Mack Maloney: The Korean War was pivotal in the U.S. government's investigation of UFOs. They'd closed up Project Grudge about six months before war broke out, basically saying UFOs didn't exist and that they were either misidentified aerial phenomena, the work of crackpots or people with delusions. But then, once the war broke out, a lot of U.S. pilots started seeing UFOs over Korea and the U.S. military realized they couldn't say all their pilots were crazy or hoaxers or delusional. So, they were stuck. Some UFO researchers believe that was one big reason the Air Force started Project Blue Book. So many of their pilots were seeing UFOs over Korea, they just couldn't ignore it. And there were some spectacular sightings. About two months into the war, three Navy fighter-bombers were about to bomb a North Korean convoy when they encountered two enormous flying discs.
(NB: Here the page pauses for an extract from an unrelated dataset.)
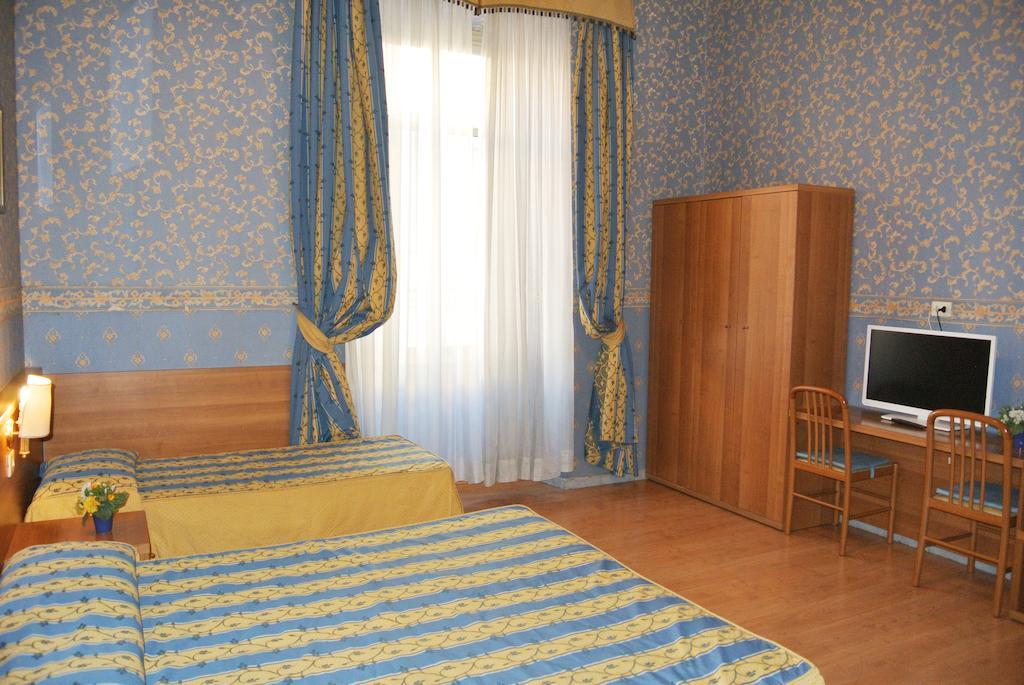 Hotel Giada Rome Room photo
And I mean these things were gigantic.
Then there were a couple cases of UFOs orbiting high above U.S. ships out at sea and playing hide and seek with carrier aircraft sent up to intercept them. There's an incredible story told by Dr Richard Haines in his book, Advanced Aerial Devices Reported During the Korean War, about a UFO appearing in the midst of a battle between U.S. infantry and North Korean soldiers. The object took fire from both sides, but then it bathed the American soldiers with some kind of ray, and two days later, nearly all of them were very sick. Really frightening stuff. I highly recommend the Haines book to anyone who wants to learn what happened in Korea when it came to UFOs. We just scratch the surface in our book.
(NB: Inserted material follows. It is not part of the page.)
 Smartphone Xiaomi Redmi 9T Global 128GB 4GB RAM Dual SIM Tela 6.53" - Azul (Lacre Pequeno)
For Vietnam, we came across a number of episodes. All of the sightings from Vietnam are strange because, I believe, the war itself was very strange. The most well-known is probably the Hobart Case, where US fighter planes fired at UFOs off the coast of the DMZ and wound up hitting this Australian warship, the HMAS Hobart, and killing four Australian sailors and wounding dozens of others. A very tragic story that got very little play here in the States at the time.
Richard Thomas: Are there any cases from the recent civil war in Libya or other recent conflicts you would like to include if you ever did a second edition?
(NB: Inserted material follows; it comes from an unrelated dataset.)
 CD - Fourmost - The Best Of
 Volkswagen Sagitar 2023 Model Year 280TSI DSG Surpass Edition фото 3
Mack Maloney: If we did a second edition, we'd have to start just before 9/11, and cover all the conflicts in the Middle East. That might take up the entire book: Iraq, Afghanistan, Pakistan, Libya, Syria maybe. That whole part of the world is turning upside down and when things like that happen, especially militarily, UFOs are usually on hand. Who knows what stories are out there, just waiting to be documented?
Richard Thomas: Where can readers buy UFOs in Wartime and have you got any plans for another UFO book?
Mack Maloney: UFOs in Wartime is published by Penguin-Berkley Books, so it's on sale at every bookstore in the United States and Canada. It can also be bought on-line at Amazon.
Whether there will be another UFO book in the near future, time will tell. I would like to do another one, but in a strange way our friends in the UFOs will have to cooperate and provide us some good stories. And so far, they're not returning my calls.